Problem description: Apart from pictures, transcribe exactly each line from the one containing "Change the expression" through the final line of the listing below.

Dataset excerpt:
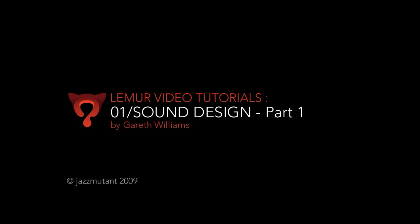In this tutorial, I'm going to show you how you can use the Jazz Mutant Lemur's objects as a sound design tool.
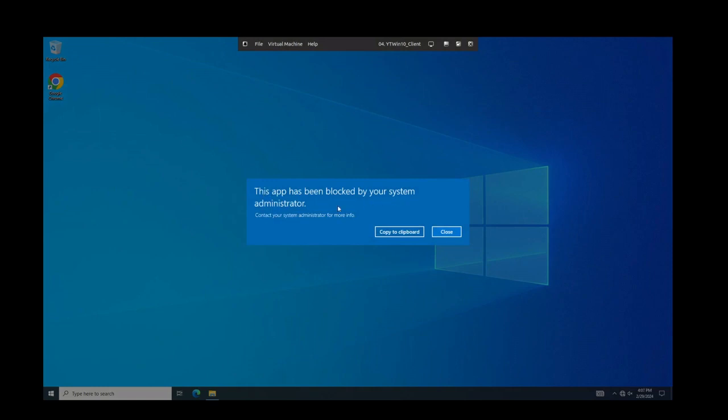So basically what happens is we have UAC controls configured that you have to use a delegated access control account. So that means you have to be a desktop admin. Right now I'm not a desktop admin. I'm just a user. I logged into the system.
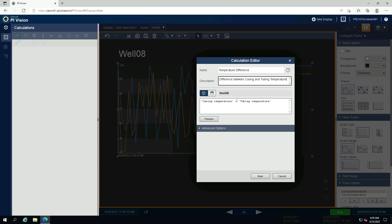Change the expression to be casing temperature minus tubing temperature. Click on preview and save the calculation.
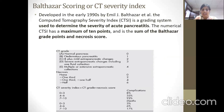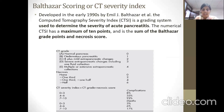CT grades: normal pancreas scores 0; edematous pancreatitis scores 1; edematous pancreatitis with mild extra-pancreatic changes scores 2; severe extra-pancreatic changes including one fluid collection scores 3; and multiple or extensive peripancreatic collections scores 4. For necrosis: none scores 0; less than one-third scores 2; one-third to less than one-half scores 4; and more than one-half scores 6.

Completed task:
Change the expression to be casing temperature minus tubing temperature. Click on preview and save the calculation.
CT grades: normal pancreas scores 0; edematous pancreatitis scores 1; edematous pancreatitis with mild extra-pancreatic changes scores 2; severe extra-pancreatic changes including one fluid collection scores 3; and multiple or extensive peripancreatic collections scores 4. For necrosis: none scores 0; less than one-third scores 2; one-third to less than one-half scores 4; and more than one-half scores 6.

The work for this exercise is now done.